*What the task asks:* Without the pictures, output the records below exactly as they are.

*Supplied records:*

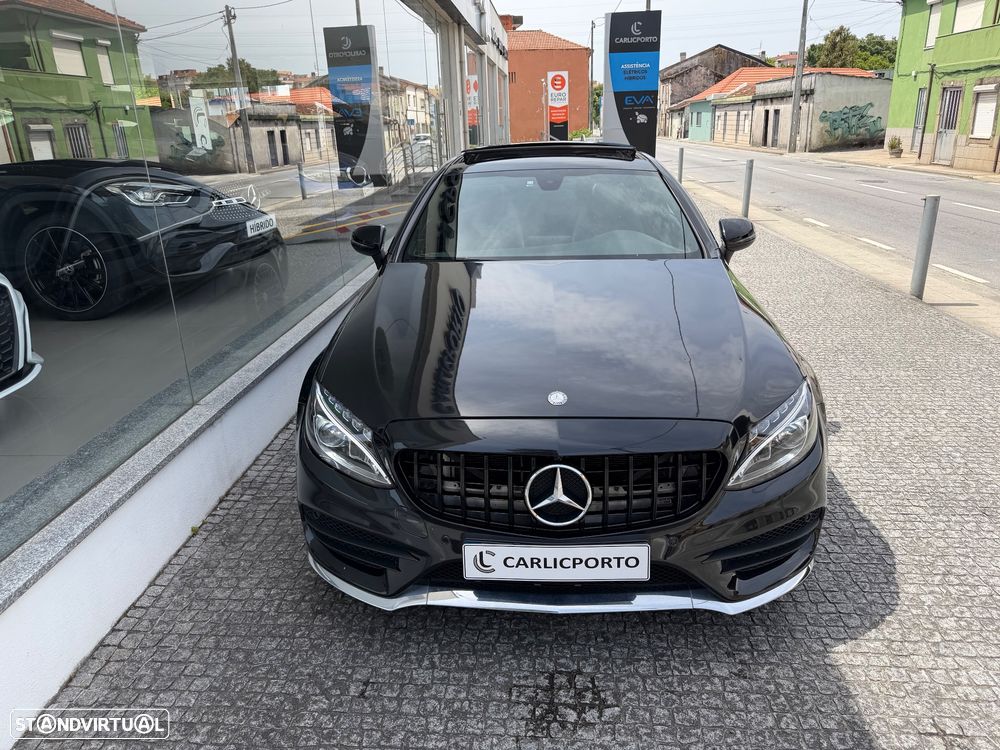 Mercedes-Benz C 250 d 9G-TRONIC AMG Line - 4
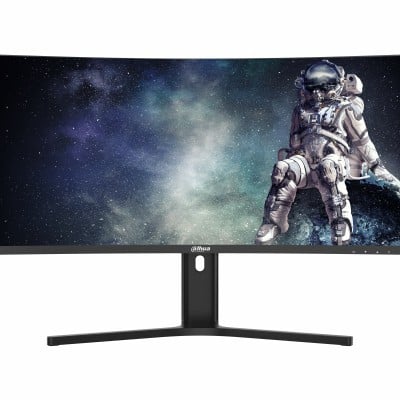 Dahua LM34-E330CA Monitor 34" UltraWide Quad HD LCD LM34-E330CA Dahua LM34-E330CA Monitor 34" UltraWide Quad HD LCD LM34-E330CA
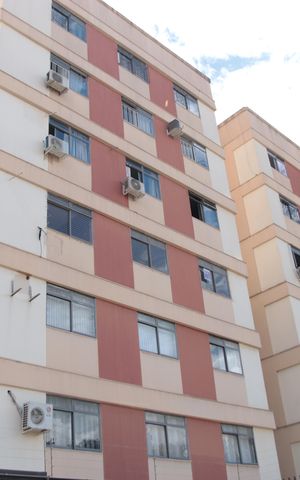 Apartamento para alugar com 101m², 3 quartos e 2 vagasFachada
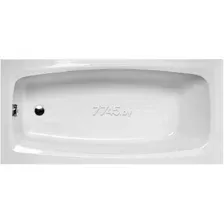 Ванна акриловая ALBA SPA Valencia 160х70 (ВПР0060000100)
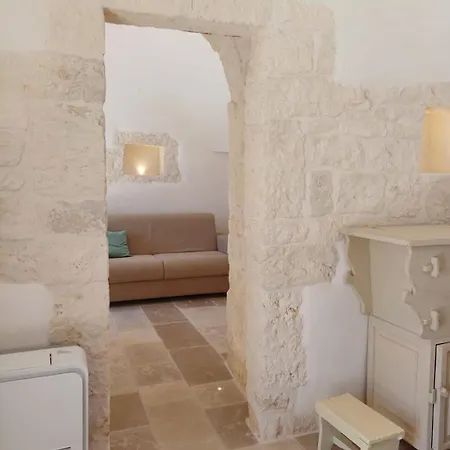 Trullo Terra Bianca Ostuni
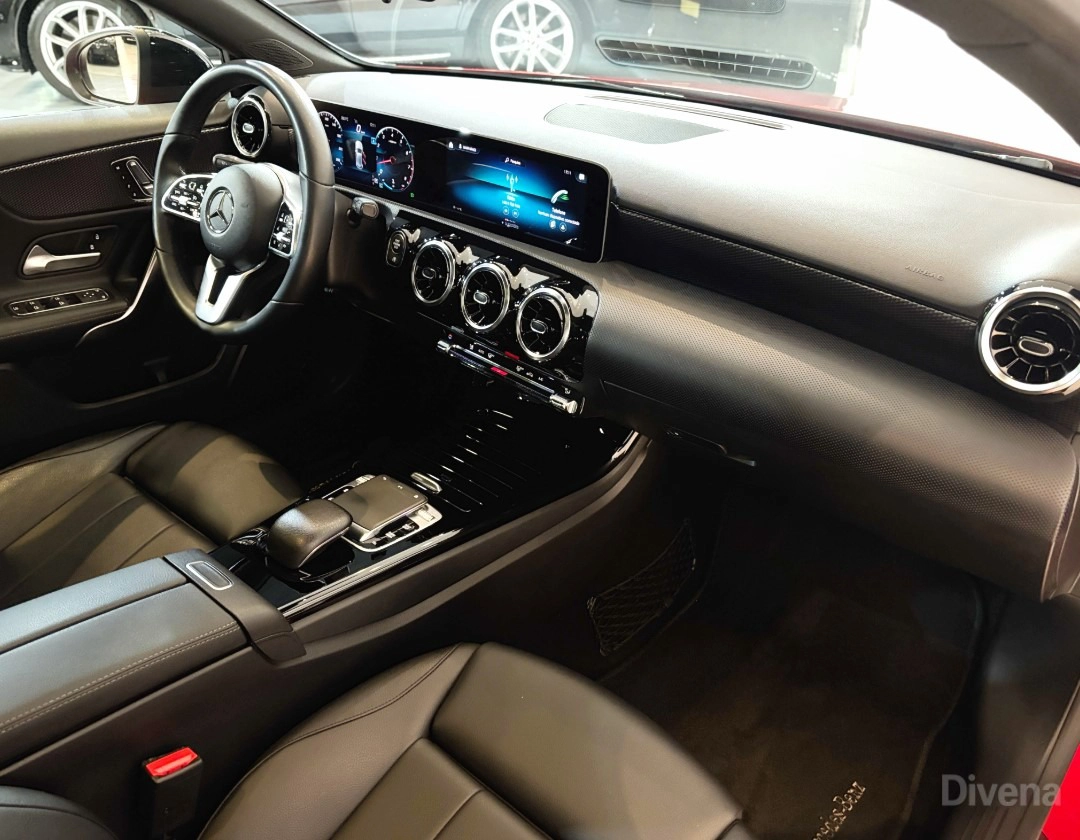 mercedes-benz A 250 2.0 CGI GASOLINA SPORT 7G-DCT 20197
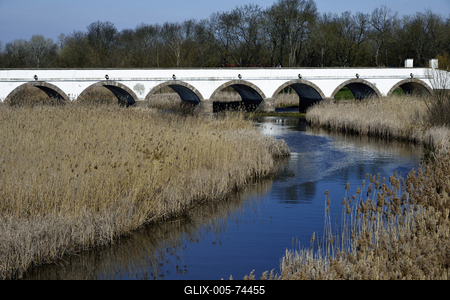 Hortobágy-stock-foto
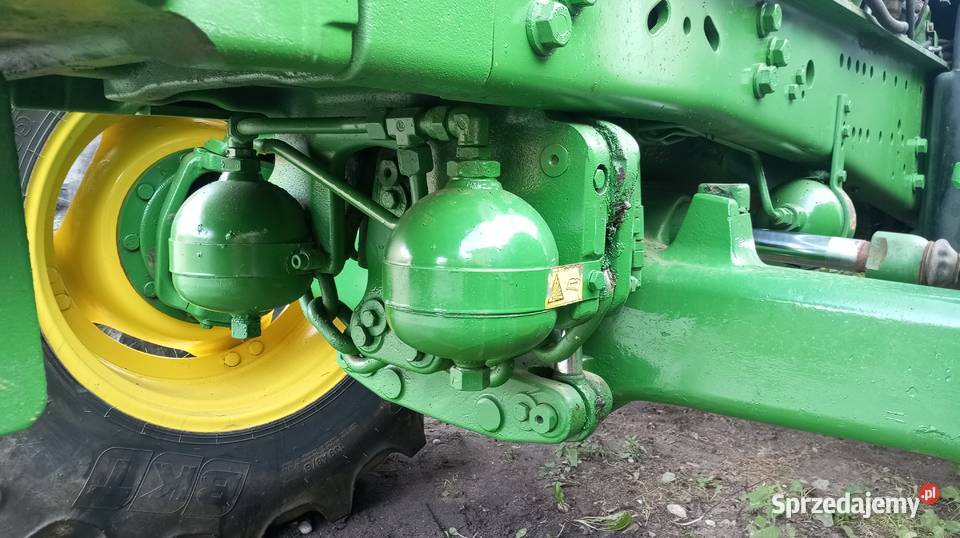 John Deere 6820 Powerquad 2 jednostka
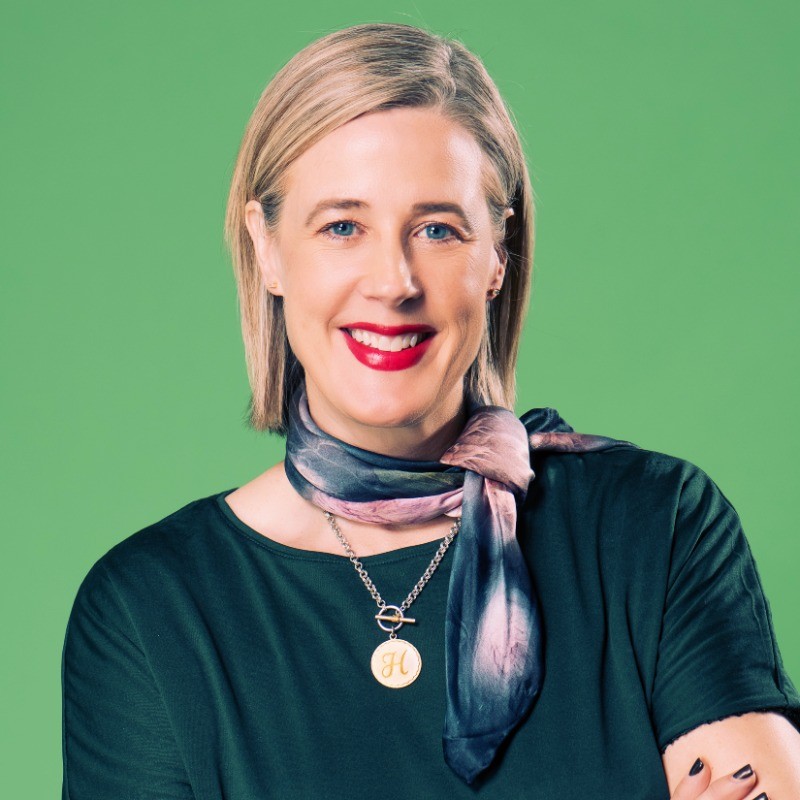 Heather Howell – Revolutionizing Women’s Hydration: The Greater Than Story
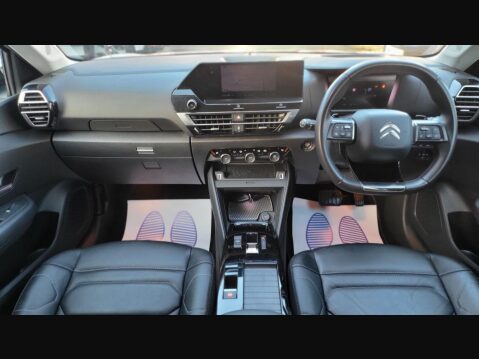 Citroen C4 PURETECH SHINE PLUS S/S EAT8 14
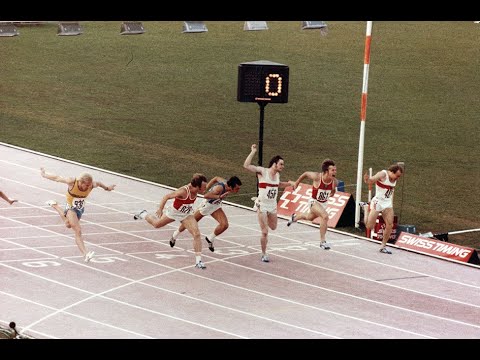Gazzetta Dello Sport 4 Septembre 1974 – Pietro Mennea Argento Europei 100m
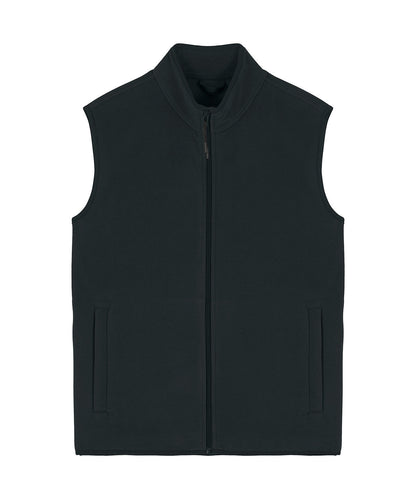 The Fleece Bodywarmer – Men's Recycled Polyester - Bascora
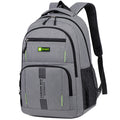 Neutral Style Backpack for Men and Women, Suitable for Business Trips and Student Schoolbags, with Multiple Layers of Pockets
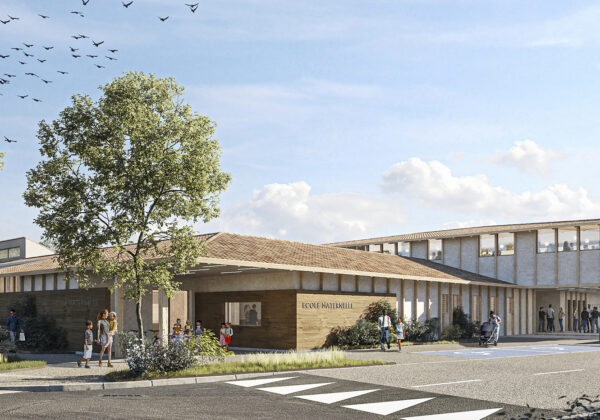 GROUPE SCOLAIRE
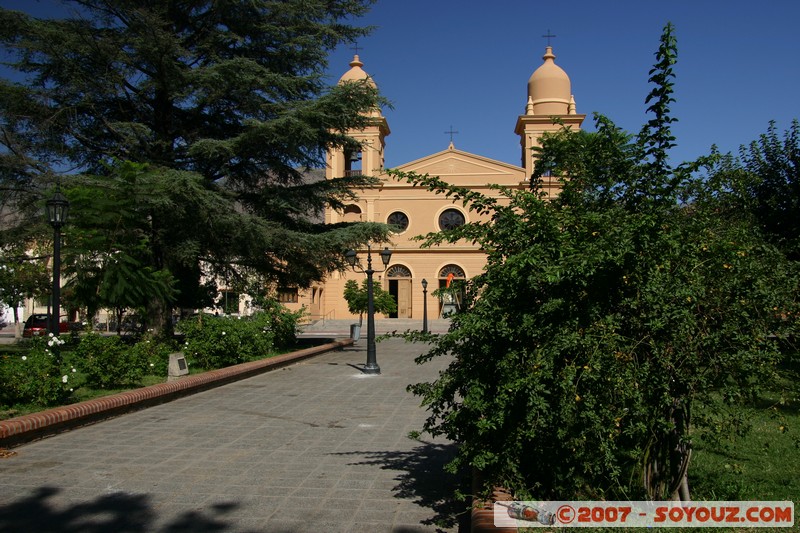 Cafayate - Iglesia Catedral
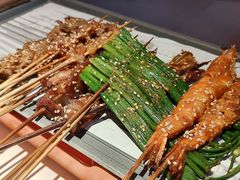 -柳喜辣·烧烤酒局(跃进总店)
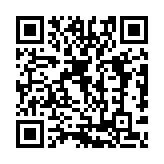 Validation QR code for the dive center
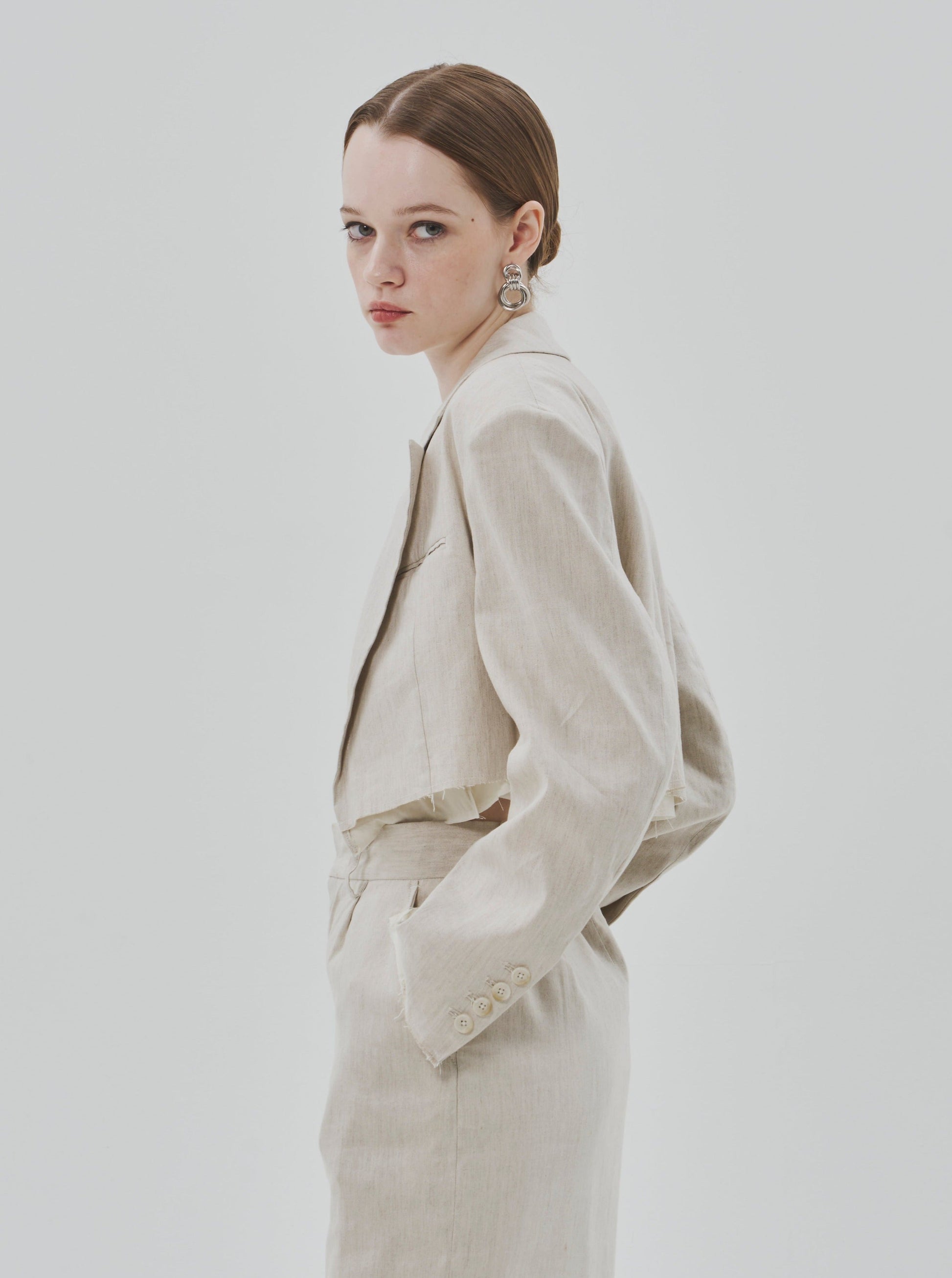 Whitney Summer Short Jacket
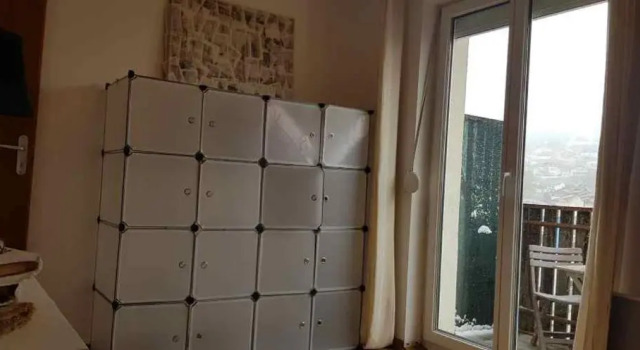 Studio Les Logis Mansardés, Забронировать Отель Отели Жерарме с парковкой, Парковка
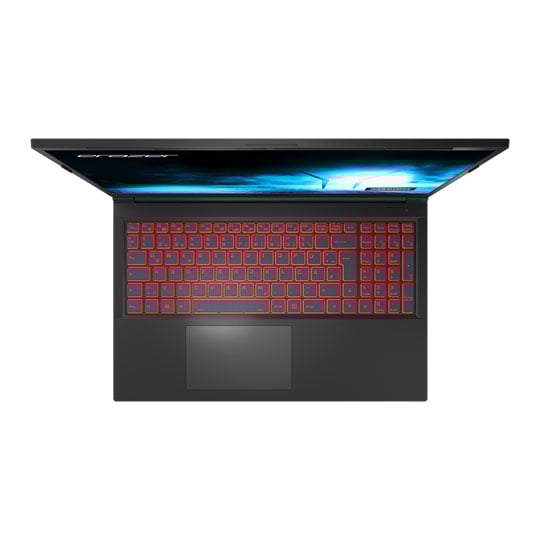Medion Erazer NB Crawler E30 15.6" FHD i5 GeForce RTX 3050 Gaming Laptop : image 3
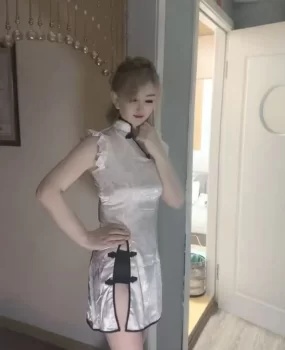 开发区新人风骚小情人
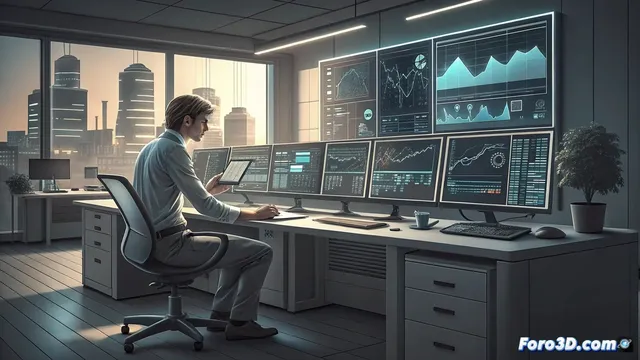 Lotum busca un desarrollador de business intelligence para su equipo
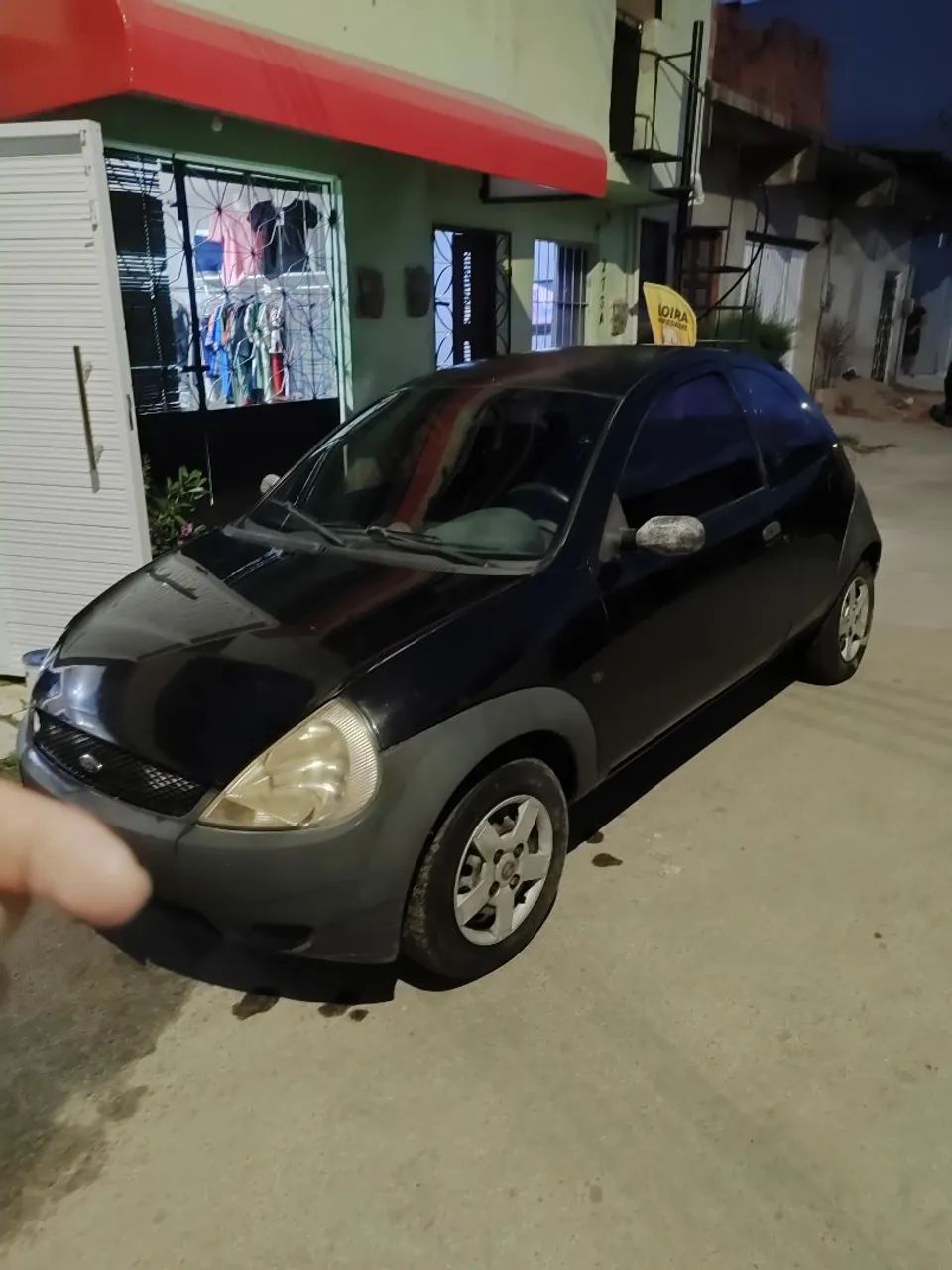 Ford KA 1.0i 3P 2007 - Foto 2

*Response:*
 Mercedes-Benz C 250 d 9G-TRONIC AMG Line - 4
 Dahua LM34-E330CA Monitor 34" UltraWide Quad HD LCD LM34-E330CA Dahua LM34-E330CA Monitor 34" UltraWide Quad HD LCD LM34-E330CA
 Apartamento para alugar com 101m², 3 quartos e 2 vagasFachada
 Ванна акриловая ALBA SPA Valencia 160х70 (ВПР0060000100)
 Trullo Terra Bianca Ostuni
 mercedes-benz A 250 2.0 CGI GASOLINA SPORT 7G-DCT 20197
 Hortobágy-stock-foto
 John Deere 6820 Powerquad 2 jednostka
 Heather Howell – Revolutionizing Women’s Hydration: The Greater Than Story
 Citroen C4 PURETECH SHINE PLUS S/S EAT8 14
Gazzetta Dello Sport 4 Septembre 1974 – Pietro Mennea Argento Europei 100m
 The Fleece Bodywarmer – Men's Recycled Polyester - Bascora
 Neutral Style Backpack for Men and Women, Suitable for Business Trips and Student Schoolbags, with Multiple Layers of Pockets
 GROUPE SCOLAIRE
 Cafayate - Iglesia Catedral
 -柳喜辣·烧烤酒局(跃进总店)
 Validation QR code for the dive center
 Whitney Summer Short Jacket
 Studio Les Logis Mansardés, Забронировать Отель Отели Жерарме с парковкой, Парковка
Medion Erazer NB Crawler E30 15.6" FHD i5 GeForce RTX 3050 Gaming Laptop : image 3
 开发区新人风骚小情人
 Lotum busca un desarrollador de business intelligence para su equipo
 Ford KA 1.0i 3P 2007 - Foto 2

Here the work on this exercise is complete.